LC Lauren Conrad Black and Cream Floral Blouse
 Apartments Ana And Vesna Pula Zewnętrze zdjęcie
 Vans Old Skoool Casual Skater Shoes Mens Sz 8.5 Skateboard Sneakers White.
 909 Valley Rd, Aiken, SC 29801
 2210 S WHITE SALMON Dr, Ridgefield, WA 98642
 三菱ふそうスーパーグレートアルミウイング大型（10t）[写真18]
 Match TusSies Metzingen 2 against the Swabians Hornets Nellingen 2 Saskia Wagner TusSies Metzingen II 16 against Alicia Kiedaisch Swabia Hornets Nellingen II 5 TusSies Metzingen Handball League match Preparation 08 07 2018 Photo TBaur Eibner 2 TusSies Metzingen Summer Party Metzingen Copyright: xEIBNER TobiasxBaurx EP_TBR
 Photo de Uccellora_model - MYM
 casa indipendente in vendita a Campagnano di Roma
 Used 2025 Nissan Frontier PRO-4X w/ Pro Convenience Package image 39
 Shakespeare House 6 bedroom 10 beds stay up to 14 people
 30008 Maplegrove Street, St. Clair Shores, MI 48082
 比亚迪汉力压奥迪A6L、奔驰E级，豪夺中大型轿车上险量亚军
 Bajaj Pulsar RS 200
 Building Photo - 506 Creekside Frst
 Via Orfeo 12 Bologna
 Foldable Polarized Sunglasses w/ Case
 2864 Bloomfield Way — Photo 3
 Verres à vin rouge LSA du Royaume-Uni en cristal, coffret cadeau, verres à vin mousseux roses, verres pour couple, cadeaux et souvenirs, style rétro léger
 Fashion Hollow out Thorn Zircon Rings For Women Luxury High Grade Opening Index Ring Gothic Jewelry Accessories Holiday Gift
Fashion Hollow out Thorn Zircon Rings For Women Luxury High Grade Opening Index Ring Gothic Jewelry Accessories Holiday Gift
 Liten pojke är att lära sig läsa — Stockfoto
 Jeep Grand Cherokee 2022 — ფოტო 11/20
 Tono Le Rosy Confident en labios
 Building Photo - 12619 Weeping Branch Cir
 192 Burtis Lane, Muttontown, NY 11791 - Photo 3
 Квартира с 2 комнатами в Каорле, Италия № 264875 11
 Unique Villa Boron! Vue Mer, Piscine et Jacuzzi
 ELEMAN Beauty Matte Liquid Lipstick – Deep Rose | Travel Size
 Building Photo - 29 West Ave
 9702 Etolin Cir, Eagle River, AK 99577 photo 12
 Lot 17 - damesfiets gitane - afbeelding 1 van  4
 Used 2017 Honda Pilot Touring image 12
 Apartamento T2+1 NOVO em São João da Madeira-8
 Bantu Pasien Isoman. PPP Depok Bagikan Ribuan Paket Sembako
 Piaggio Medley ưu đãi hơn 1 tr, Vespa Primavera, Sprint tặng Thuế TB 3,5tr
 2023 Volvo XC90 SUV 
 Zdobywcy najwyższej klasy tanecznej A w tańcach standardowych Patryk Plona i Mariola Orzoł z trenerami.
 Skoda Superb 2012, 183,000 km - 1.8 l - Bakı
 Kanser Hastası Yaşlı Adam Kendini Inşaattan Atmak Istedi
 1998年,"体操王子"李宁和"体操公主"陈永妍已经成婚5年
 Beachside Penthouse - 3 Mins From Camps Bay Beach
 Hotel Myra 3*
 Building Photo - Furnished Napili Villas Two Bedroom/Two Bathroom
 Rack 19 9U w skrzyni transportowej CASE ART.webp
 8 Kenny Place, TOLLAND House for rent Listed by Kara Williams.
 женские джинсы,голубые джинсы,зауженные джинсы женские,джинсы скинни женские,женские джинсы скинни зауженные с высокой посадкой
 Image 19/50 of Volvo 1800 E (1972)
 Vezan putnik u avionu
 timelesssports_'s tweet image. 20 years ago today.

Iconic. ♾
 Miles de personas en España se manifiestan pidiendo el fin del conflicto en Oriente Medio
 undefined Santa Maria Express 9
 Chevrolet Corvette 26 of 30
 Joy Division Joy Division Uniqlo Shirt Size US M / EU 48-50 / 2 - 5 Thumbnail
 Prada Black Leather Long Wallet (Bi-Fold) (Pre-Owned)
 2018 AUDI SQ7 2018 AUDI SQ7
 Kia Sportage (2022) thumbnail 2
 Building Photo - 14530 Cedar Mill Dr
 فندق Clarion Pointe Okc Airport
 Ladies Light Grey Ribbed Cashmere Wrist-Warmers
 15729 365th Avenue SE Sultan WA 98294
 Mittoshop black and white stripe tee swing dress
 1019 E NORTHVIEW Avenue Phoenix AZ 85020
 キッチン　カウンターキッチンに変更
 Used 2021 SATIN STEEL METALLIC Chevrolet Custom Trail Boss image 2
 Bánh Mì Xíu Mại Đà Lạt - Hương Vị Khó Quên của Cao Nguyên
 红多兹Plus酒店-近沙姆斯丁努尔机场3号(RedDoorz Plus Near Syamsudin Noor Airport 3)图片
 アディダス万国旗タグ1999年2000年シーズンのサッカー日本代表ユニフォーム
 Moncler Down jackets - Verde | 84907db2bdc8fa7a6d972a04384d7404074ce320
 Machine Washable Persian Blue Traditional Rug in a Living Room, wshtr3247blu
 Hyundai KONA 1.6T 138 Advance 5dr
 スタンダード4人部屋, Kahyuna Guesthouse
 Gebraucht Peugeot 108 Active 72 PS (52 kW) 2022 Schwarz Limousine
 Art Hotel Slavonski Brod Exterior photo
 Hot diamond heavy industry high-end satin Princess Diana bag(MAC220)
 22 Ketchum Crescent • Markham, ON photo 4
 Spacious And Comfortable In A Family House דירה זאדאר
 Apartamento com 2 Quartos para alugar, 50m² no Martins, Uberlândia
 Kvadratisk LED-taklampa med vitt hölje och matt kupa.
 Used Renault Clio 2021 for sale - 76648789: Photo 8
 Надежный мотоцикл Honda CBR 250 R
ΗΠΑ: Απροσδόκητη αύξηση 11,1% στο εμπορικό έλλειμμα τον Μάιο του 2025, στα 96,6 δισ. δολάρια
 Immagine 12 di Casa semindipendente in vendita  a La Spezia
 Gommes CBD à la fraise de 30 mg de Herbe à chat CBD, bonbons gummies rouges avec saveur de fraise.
......
In full and exactly as written, repeat the data.

LC Lauren Conrad Black and Cream Floral Blouse
 Apartments Ana And Vesna Pula Zewnętrze zdjęcie
 Vans Old Skoool Casual Skater Shoes Mens Sz 8.5 Skateboard Sneakers White.
 909 Valley Rd, Aiken, SC 29801
 2210 S WHITE SALMON Dr, Ridgefield, WA 98642
 三菱ふそうスーパーグレートアルミウイング大型（10t）[写真18]
 Match TusSies Metzingen 2 against the Swabians Hornets Nellingen 2 Saskia Wagner TusSies Metzingen II 16 against Alicia Kiedaisch Swabia Hornets Nellingen II 5 TusSies Metzingen Handball League match Preparation 08 07 2018 Photo TBaur Eibner 2 TusSies Metzingen Summer Party Metzingen Copyright: xEIBNER TobiasxBaurx EP_TBR
 Photo de Uccellora_model - MYM
 casa indipendente in vendita a Campagnano di Roma
 Used 2025 Nissan Frontier PRO-4X w/ Pro Convenience Package image 39
 Shakespeare House 6 bedroom 10 beds stay up to 14 people
 30008 Maplegrove Street, St. Clair Shores, MI 48082
 比亚迪汉力压奥迪A6L、奔驰E级，豪夺中大型轿车上险量亚军
 Bajaj Pulsar RS 200
 Building Photo - 506 Creekside Frst
 Via Orfeo 12 Bologna
 Foldable Polarized Sunglasses w/ Case
 2864 Bloomfield Way — Photo 3
 Verres à vin rouge LSA du Royaume-Uni en cristal, coffret cadeau, verres à vin mousseux roses, verres pour couple, cadeaux et souvenirs, style rétro léger
 Fashion Hollow out Thorn Zircon Rings For Women Luxury High Grade Opening Index Ring Gothic Jewelry Accessories Holiday Gift
Fashion Hollow out Thorn Zircon Rings For Women Luxury High Grade Opening Index Ring Gothic Jewelry Accessories Holiday Gift
 Liten pojke är att lära sig läsa — Stockfoto
 Jeep Grand Cherokee 2022 — ფოტო 11/20
 Tono Le Rosy Confident en labios
 Building Photo - 12619 Weeping Branch Cir
 192 Burtis Lane, Muttontown, NY 11791 - Photo 3
 Квартира с 2 комнатами в Каорле, Италия № 264875 11
 Unique Villa Boron! Vue Mer, Piscine et Jacuzzi
 ELEMAN Beauty Matte Liquid Lipstick – Deep Rose | Travel Size
 Building Photo - 29 West Ave
 9702 Etolin Cir, Eagle River, AK 99577 photo 12
 Lot 17 - damesfiets gitane - afbeelding 1 van  4
 Used 2017 Honda Pilot Touring image 12
 Apartamento T2+1 NOVO em São João da Madeira-8
 Bantu Pasien Isoman. PPP Depok Bagikan Ribuan Paket Sembako
 Piaggio Medley ưu đãi hơn 1 tr, Vespa Primavera, Sprint tặng Thuế TB 3,5tr
 2023 Volvo XC90 SUV 
 Zdobywcy najwyższej klasy tanecznej A w tańcach standardowych Patryk Plona i Mariola Orzoł z trenerami.
 Skoda Superb 2012, 183,000 km - 1.8 l - Bakı
 Kanser Hastası Yaşlı Adam Kendini Inşaattan Atmak Istedi
 1998年,"体操王子"李宁和"体操公主"陈永妍已经成婚5年
 Beachside Penthouse - 3 Mins From Camps Bay Beach
 Hotel Myra 3*
 Building Photo - Furnished Napili Villas Two Bedroom/Two Bathroom
 Rack 19 9U w skrzyni transportowej CASE ART.webp
 8 Kenny Place, TOLLAND House for rent Listed by Kara Williams.
 женские джинсы,голубые джинсы,зауженные джинсы женские,джинсы скинни женские,женские джинсы скинни зауженные с высокой посадкой
 Image 19/50 of Volvo 1800 E (1972)
 Vezan putnik u avionu
 timelesssports_'s tweet image. 20 years ago today.

Iconic. ♾
 Miles de personas en España se manifiestan pidiendo el fin del conflicto en Oriente Medio
 undefined Santa Maria Express 9
 Chevrolet Corvette 26 of 30
 Joy Division Joy Division Uniqlo Shirt Size US M / EU 48-50 / 2 - 5 Thumbnail
 Prada Black Leather Long Wallet (Bi-Fold) (Pre-Owned)
 2018 AUDI SQ7 2018 AUDI SQ7
 Kia Sportage (2022) thumbnail 2
 Building Photo - 14530 Cedar Mill Dr
 فندق Clarion Pointe Okc Airport
 Ladies Light Grey Ribbed Cashmere Wrist-Warmers
 15729 365th Avenue SE Sultan WA 98294
 Mittoshop black and white stripe tee swing dress
 1019 E NORTHVIEW Avenue Phoenix AZ 85020
 キッチン　カウンターキッチンに変更
 Used 2021 SATIN STEEL METALLIC Chevrolet Custom Trail Boss image 2
 Bánh Mì Xíu Mại Đà Lạt - Hương Vị Khó Quên của Cao Nguyên
 红多兹Plus酒店-近沙姆斯丁努尔机场3号(RedDoorz Plus Near Syamsudin Noor Airport 3)图片
 アディダス万国旗タグ1999年2000年シーズンのサッカー日本代表ユニフォーム
 Moncler Down jackets - Verde | 84907db2bdc8fa7a6d972a04384d7404074ce320
 Machine Washable Persian Blue Traditional Rug in a Living Room, wshtr3247blu
 Hyundai KONA 1.6T 138 Advance 5dr
 スタンダード4人部屋, Kahyuna Guesthouse
 Gebraucht Peugeot 108 Active 72 PS (52 kW) 2022 Schwarz Limousine
 Art Hotel Slavonski Brod Exterior photo
 Hot diamond heavy industry high-end satin Princess Diana bag(MAC220)
 22 Ketchum Crescent • Markham, ON photo 4
 Spacious And Comfortable In A Family House דירה זאדאר
 Apartamento com 2 Quartos para alugar, 50m² no Martins, Uberlândia
 Kvadratisk LED-taklampa med vitt hölje och matt kupa.
 Used Renault Clio 2021 for sale - 76648789: Photo 8
 Надежный мотоцикл Honda CBR 250 R
ΗΠΑ: Απροσδόκητη αύξηση 11,1% στο εμπορικό έλλειμμα τον Μάιο του 2025, στα 96,6 δισ. δολάρια
 Immagine 12 di Casa semindipendente in vendita  a La Spezia
 Gommes CBD à la fraise de 30 mg de Herbe à chat CBD, bonbons gummies rouges avec saveur de fraise.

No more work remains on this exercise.